Security flaws in popular car alarms affected 3 million cars worldwide
8 March 2019
Security researchers have uncovered critical security holes in popular car alarms that could have been exploited by cyber criminals to unlock car doors, activate car alarms, and turn on car engines, all of which could allow criminals to steal cars with great ease.
Research carried out by Pan Test Partners has revealed how certain third-party car alarms, whose sellers claim to offer enhanced security to owners of keyless entry cars, feature gaping security holes that could allow criminals to geo-locate cars in real time, find out the car type and details of their owners, disable car alarms, unlock cars, disable immobilisers, and even kill car engines when they are running.
According to Pan Test Partners, these security flaws affect up to three million cars worth over $150 billion globally and are present in car alarms sold by Viper (branded ‘Clifford’ in the UK) and Pandora who are among the largest car alarm brands globally. In fact, Pandora claimed in its website that security in its car alarms was “unhackable”, a claim that was decisively demolished by security researchers and subsequently retracted.
In order to exploit the car alarm to hijack a car, all a hacker needs to do is to tamper with the parameters, update the email address registered to the account without authentication, send a password reset to the modified address and take over the account.
While testing the Viper Smart Start alarm system, the researchers noted that when processing the ‘modify user’ request, the API did not properly validate the user, thereby allowing malicious actors to issue a malicious request to change any users password and login allowing interaction with the alarm.
Similarly, a vulnerability in Pandora’s car alarm allowed malicious actors to overwrite the existing email with theirs and use the same to simply log in to the app and obtain full functionality.
While carrying out their tests, the researchers also observed that it was possible to kill the engine of a Viper equipped car whilst it was in motion and that the microphone in the Pandora alarm could be accessed and enabled remotely owing to the authorisation flaw in the API.
Both Viper and Pandora fixed the security flaws in their car alarm APIs before Pan Test Partners published their findings. “We’ve seen easy to exploit IDORs in IoT APIs on many occasions. This is the first time we’ve seen them lead to a potential attack on this scale before,” the researchers said.

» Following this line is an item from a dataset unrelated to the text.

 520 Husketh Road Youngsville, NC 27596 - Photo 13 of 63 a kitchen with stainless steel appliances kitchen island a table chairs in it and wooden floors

“One would expect that a manufacturer of alarms, designed to make our vehicles more secure, would have carried out a degree of due diligence prior to taking their products to market. These alarms are expensive and are typically fitted to high-end vehicles, often those with keyless entry. A conservative estimate suggests that $150 Billion worth of vehicles were exposed.

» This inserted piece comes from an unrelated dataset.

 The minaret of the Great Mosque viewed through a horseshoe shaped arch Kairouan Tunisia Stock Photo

“These alarms did not add any additional security to protect against key relay attacks, and before they were fixed they actually exposed the owners to additional attacks and compromised their safety. Before we contacted them, the manufacturers had inadvertently exposed around 3 million cars to theft and their users to hijack,” they added.
Commenting on the presence of security flaws in popular car alarms, Ofer Maor, director of solutions management at Synopsys, says that the latest car alarm system identified by Pen Test Partners demonstrates in the most apparent way the challenges the automotive industry is facing in its transition to the modern connected world.
“The requirements, as well as risks, of legacy automotive development of those security systems are considerably different than those of connected software. For that reason, despite being high end security manufacturers (likely to be proficient with the hardware and radio aspects of the security systems), they have failed where many before them have, and that is securing the software used to interface with their systems.
“Our recent study, done together with Ponemon and SAE, shows that 30% of organisations in the automotive industry do not have an established cybersecurity programme, and 63% test less than half of the technology they develop for security. It is therefore not surprising to see such vulnerabilities, and we are likely to see many more in the years to come as connected technology (mobile apps, web portals, and more) interacts with our vehicles.
“It is now up to the manufacturers of vehicles and surrounding ecosystems to step up and take the lesson learned from other industries before them. They must establish software security practices, with secure architecture, secure development procedures, and ongoing security testing that will allow them to build secure software to interconnect with the car and its systems,” Maor adds.